My dear Aunt Rose passed away recently after being sick for many months. And just a short time later, another close family member passed after a long battle with cancer. Having to deal with the loss and pain felt by these family members in such quick succession has caused me to reflect on my own life and health struggles. Of course, my biggest health struggle is Multiple Sclerosis. It is always the elephant in the room, the monkey on my back, the looming dread in the back of my mind. Therefore, I am sure it is not surprising that my reflection had me wondering…if I was given the choice, would I rather have a life without MS?
Honestly, I am sure to many of you this seems like a no-brainer. Why would you ever actually want to have Multiple Sclerosis? Life would be so much easier without it. But, ultimately, I have a hard time saying I wish I never had MS. Even though it is definitely not easy to live with MS, I honestly believe my life is better because I have MS. I realize how corny and ridiculous this sounds, and I am positive there are people with MS who do not feel the same way I do. I also realize that I might only be able to say this because at this point in my life I feel that I am doing pretty well. This whole perspective might change down the road. However, for me, MS is the reason I began looking at my lifestyle and truly started prioritizing fitness and healthy eating. It made me dig deep and evaluate how I live and assess if how I lived each day was beneficial for my body.
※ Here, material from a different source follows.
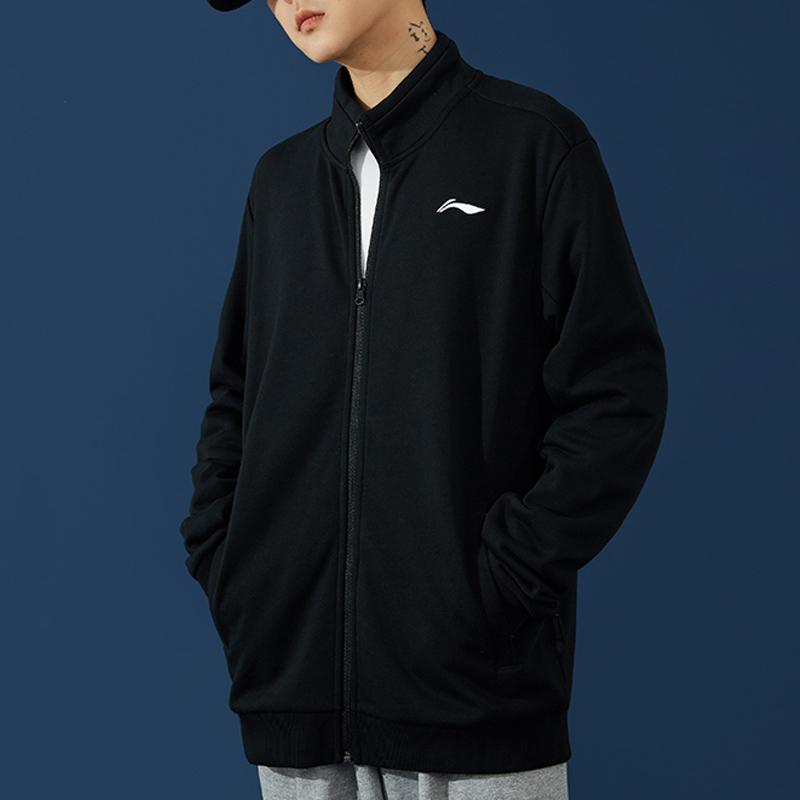 Li Ning Sports Lifestyle Series Logo Casual Stand Collar Jacket Unisex Jacket Black AWDR565-1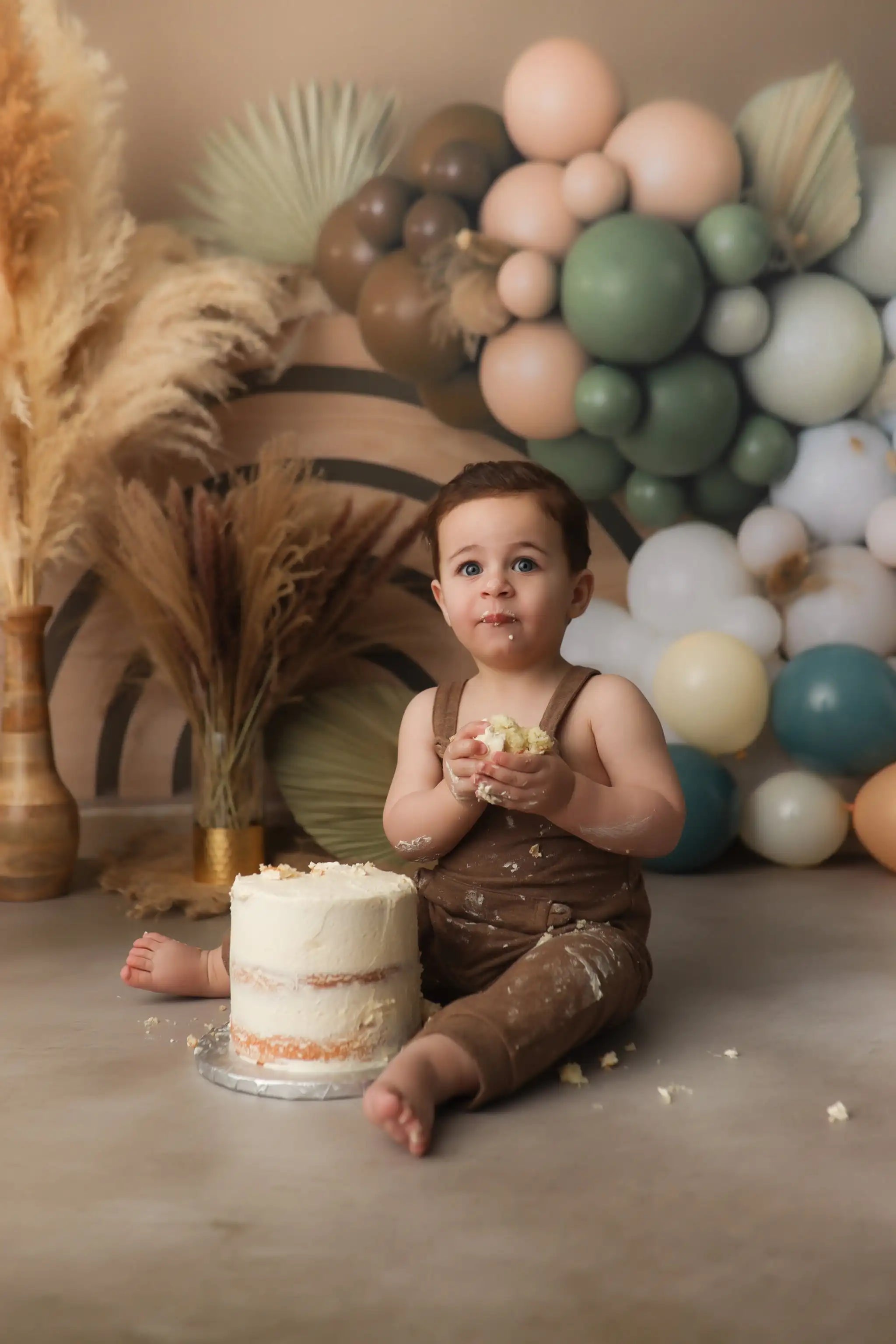 Boy Boho Rainbow Photography Backdrops Birthday Boy Kids Cake Smash Photocall Balloons Backgrounds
Without MS, I would have never paid so much attention to my health and wellness. Without a pressing reason or concern to change our habits, why would anyone do it? It wasn’t that I led a super unhealthy lifestyle before MS, but looking back I am sort of shocked about how unconcerned I was regarding the food I put into my body.
After all of this reflection it is still difficult for me to answer the question with a simple yes or no. Either answer is hard for me to commit to. In the end, maybe this isn't the question I should be focusing on. Maybe my wish would be that we could all take the time to be healthy before we get sick and not wait until it’s too late.
Bottom line for me: without MS I would have never known what it actually means to be healthy. For that lesson, I am grateful.